Logical data replication is only supported in CockroachDB self-hosted clusters.
Once you have logical data replication (LDR) running, you will need to track and manage certain parts of the job:
- Conflict resolution: As changes to a table replicate from the source to the destination cluster, there can be conflicts during some operations that the job will handle with conflict resolution. When LDR is started, the job creates a dead letter queue (DLQ) table with each replicating table. LDR will send any unresolved conflicts to the DLQ, which you should monitor as LDR continues to replicate changes between the source and destination clusters.

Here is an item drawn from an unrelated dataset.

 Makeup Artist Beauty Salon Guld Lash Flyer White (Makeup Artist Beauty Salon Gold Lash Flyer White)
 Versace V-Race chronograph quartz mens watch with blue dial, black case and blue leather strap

- Schema changes: The tables that are part of the LDR job may require schema changes, which need to be coordinated manually. There are some schema changes that are supported while LDR jobs are actively running.
- Jobs: Changefeeds and backups can operate on clusters running LDR jobs. You may want to consider where you start and how you manage backups, changefeeds, row-level TTL, and so on when you're running LDR.
Conflict resolution
In LDR, conflicts are detected at both the KV and the SQL level, which determines how LDR resolves the conflict.
KV level conflicts
LDR uses last write wins (LWW) conflict resolution based on the MVCC timestamp of the replicating write. LDR will resolve conflicts by inserting the row with the latest MVCC timestamp.

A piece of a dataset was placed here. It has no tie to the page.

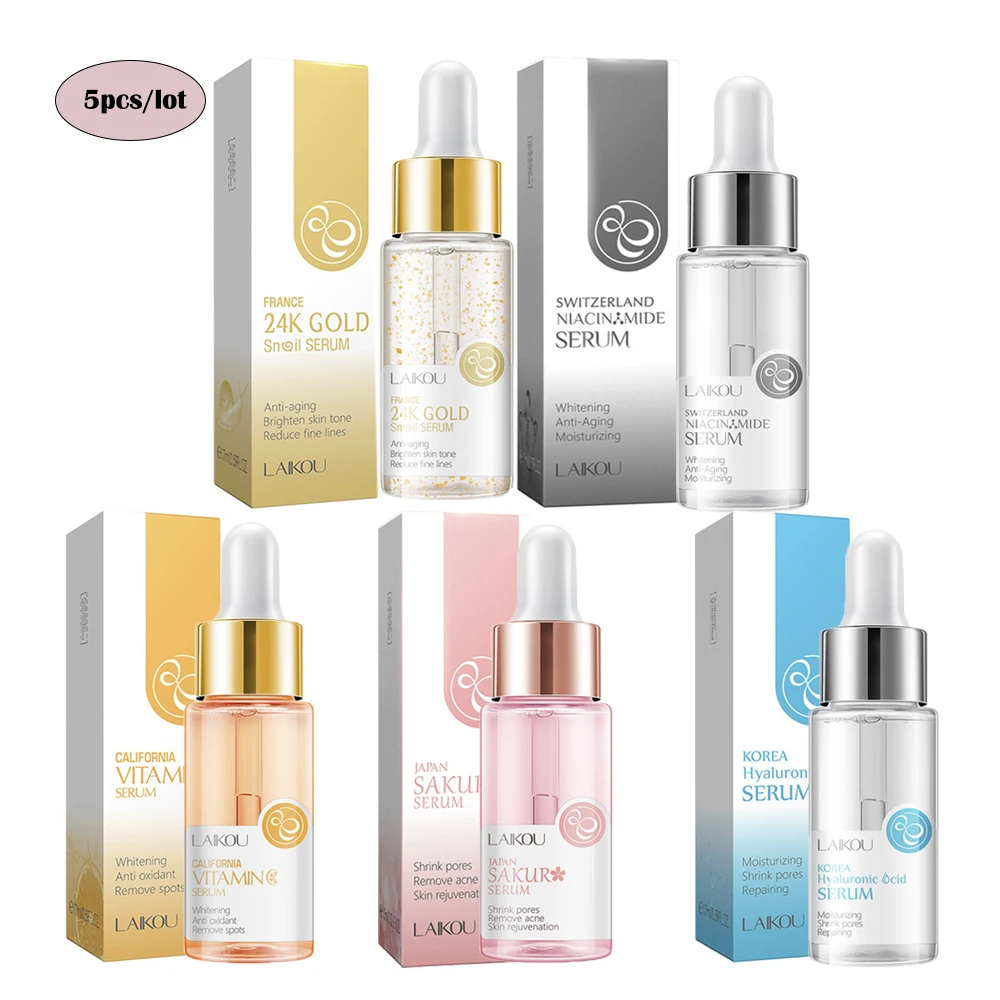 Laikou 5pcs=85ml 24k Gold Snail Serum Nourish Essense Oil Control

Conflicts at the KV level are detected when there is either:
- An UPDATEoperation replicated to the destination cluster.
- A cross-cluster write occurs, which means both clusters are writing to the same key. For example, if the LDR stream attempts to apply a row to the destination cluster where the existing row on the destination was not written by the LDR stream.
SQL level conflicts
When a conflict cannot apply due to violating constraints, for example, a schema constraint, LDR will send the row to the DLQ.
Dead letter queue (DLQ)
When the LDR job starts, it will create a DLQ table with each replicating table so that unresolved conflicts can be tracked. The DLQ will contain the writes that LDR cannot apply after the retry period of a minute, which could occur if there is a unique index on the destination table (for more details, refer to Unique seconday indexes).
LDR will not pause when the writes are sent to the DLQ, you must manage the DLQ manually.
To manage the DLQ, you can evaluate entries in the incoming_row column and apply the row manually to another table with SQL statements.
As an example, for an LDR stream created on the movr.public.promo_codes table:
SHOW TABLES;
The table will have a random number within its name to ensure it is unique.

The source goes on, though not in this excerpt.